# First field training evaluation



## Vhuynh2 (Feb 13, 2012)

Good luck and have fun! My Molly's pedigree is basically the same. As long as she is having fun, that is ALL I care about.


----------



## KeaColorado (Jan 2, 2013)

Vhuynh2 said:


> Good luck and have fun! My Molly's pedigree is basically the same. As long as she is having fun, that is ALL I care about.


Ditto for me!


----------



## FTGoldens (Dec 20, 2012)

KeaColorado said:


> I have butterflies in my tummy tonight because Kea and I are going to meet with a field trainer tomorrow so that Kea's abilities and instincts can be evaluated.
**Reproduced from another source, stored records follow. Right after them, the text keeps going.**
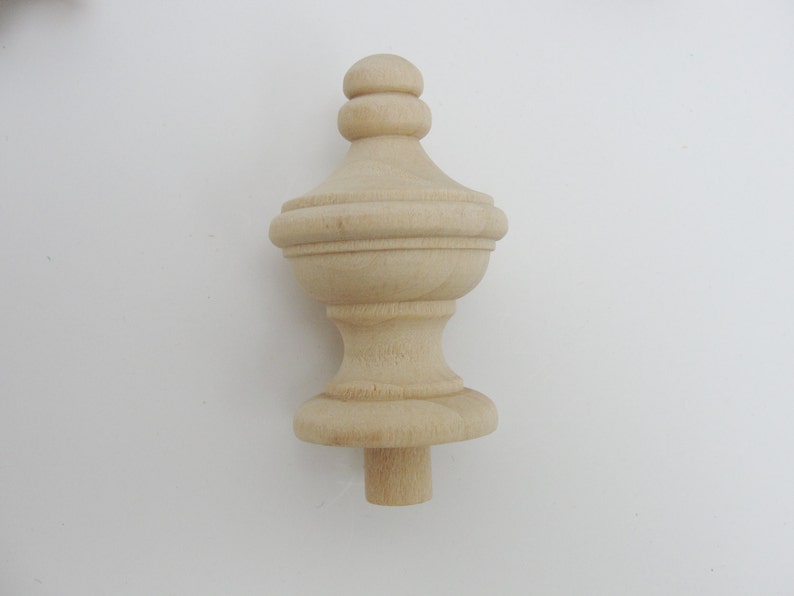 Wooden finial set of 4 image 2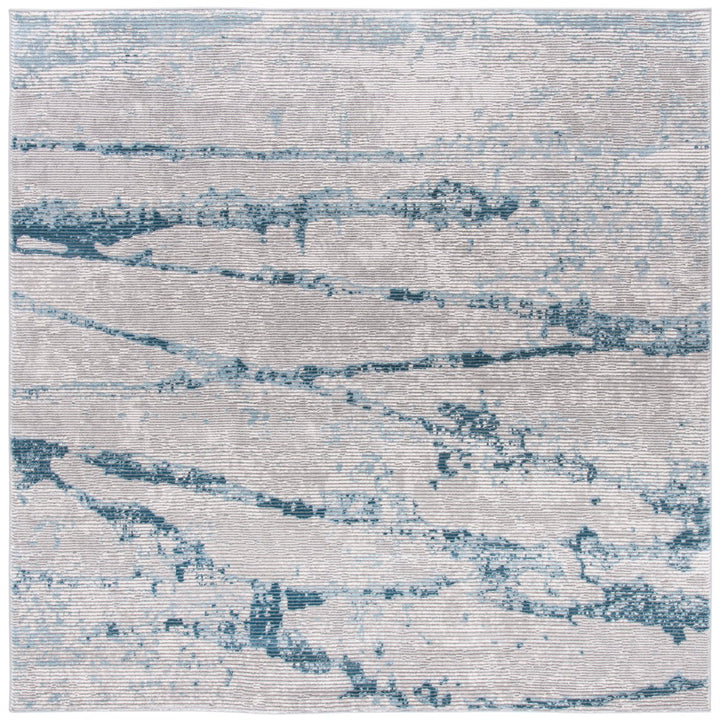 SAFAVIEH Meadow Collection MDW560F Light Grey / Blue Rug Image 6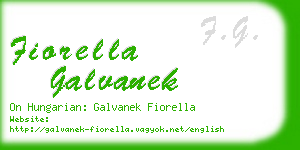 fiorella galvanek business card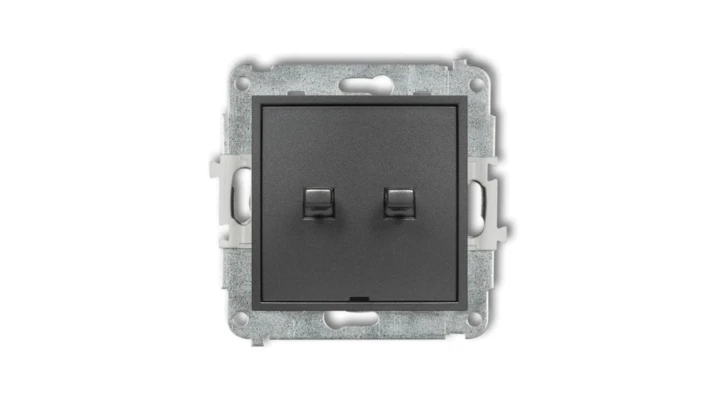 ICON Mechanizm łącznika świecznikowego w stylu amerykańskim grafitowy 11IWPUS-2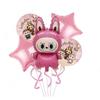 Cute Balloon Five-piece Set for Children's Party Decoration Aluminum Film Balloon Set
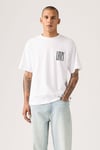 Levi's Sırt Baskılı % 100 Pamuk Bisiklet Yaka Erkek T Shirt A9440-0017 BEYAZ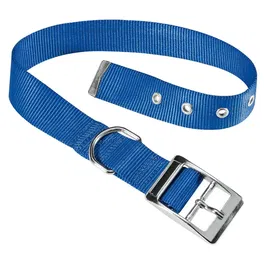 Ferplast Collar Nylon Club CF25 45 Azul A: 37-45 cm B: 25 mm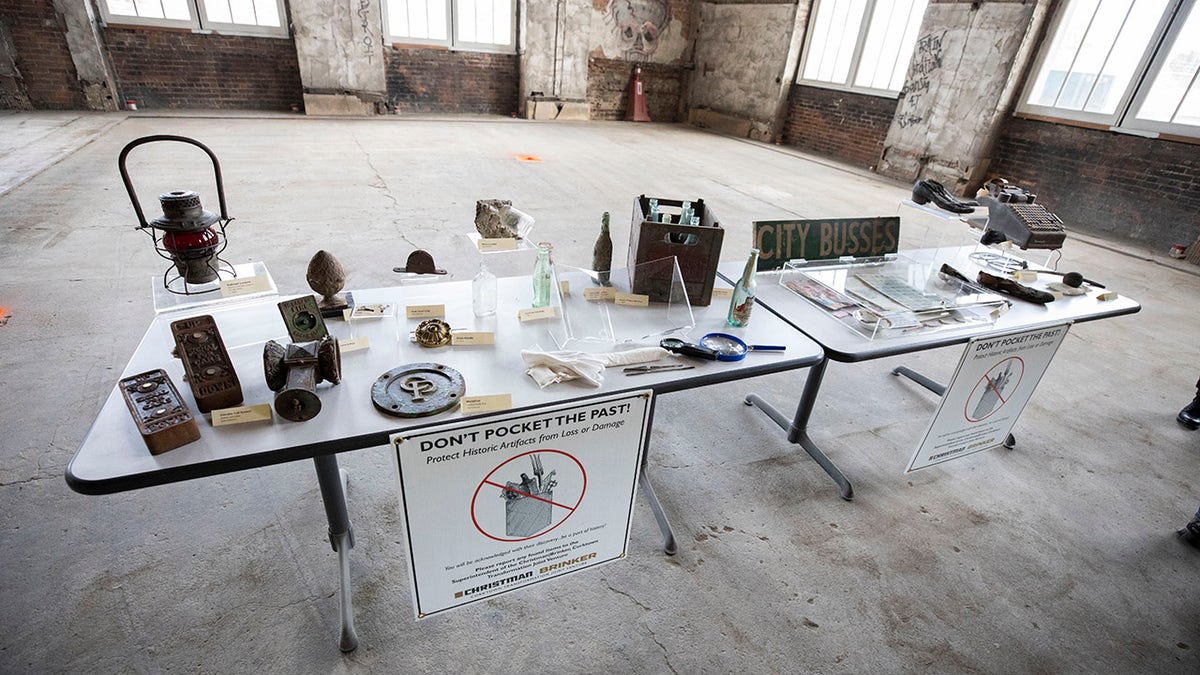Workers at the Michigan Central Station renovation are encouraged to preserve and report any artifacts found.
I will report back and let you all know how it goes! Based on how it goes down, we will make a plan for moving forward with her training.
> 
> Three generations back in her pedigree, she's got exactly one SH/WCX and one WC. All the others after that were CH. When we got her, I committed to owner-handling and training for performance venues, so I guess my aptitude and abilities will be evaluated too. I am looking forward to this new venture, and Kea is hoping there will be swimming involved.


Whether the ultimate goal will be WC or FC, both Kea and you will have fun in the field! A very knowledgeable trainer once told me that for every dog, the goal for the owner should be to bring out the greatest potential there is in their dog ... regardless of whether it's WC or it's FC. 
Looking forward to the report.
FTGoldens


----------



## hotel4dogs (Sep 29, 2008)

Good luck and enjoy!! Tito's pedigree has even LESS field background, LOL!


----------



## hollyk (Feb 21, 2009)

Not a whole lot of field in the pedigree here either, yet we are doing alright playing the game.


----------



## goldlover68 (Jun 17, 2013)

The fun is not in getting 'titles'! The fun is in the chase! Have fun.....


----------



## KeaColorado (Jan 2, 2013)

Things went pretty well this morning, I was told it will help tremendously that Kea already has a foundation in obedience. We worked on "hold", and our homework for the week is to get a canvas bumper and practice "hold" for 10 minutes twice a day. Our first goal to work toward is to have Kea holding the bumper while heeling. I think this training is going to help with our heeling too, I feel like lately we've sort of sputtered out with obedience. I just haven't had any luck thus far finding an obedience trainer out here who can help to take us beyond beginner level. This particular field trainer came highly recommended by some well-respected breeders, and she's been training dogs probably since before I was born. Her initial assessment was that a JH title would be totally attainable for us. Kea was only slightly interested in the frozen pigeon, and I think I may have shot myself in the foot by discouraging her from picking up random dead animals along the side of the road for the past 2 years, LOL. Thanks for the encouragement everyone, and I LOVE seeing heavily titled dogs, like Tito, from CH pedigrees. His breeder must be so proud, and it makes me optimistic that the sky's the limit for me and Kea! It does put more pressure on me to get the job done though since I can't "blame" her pedigree


----------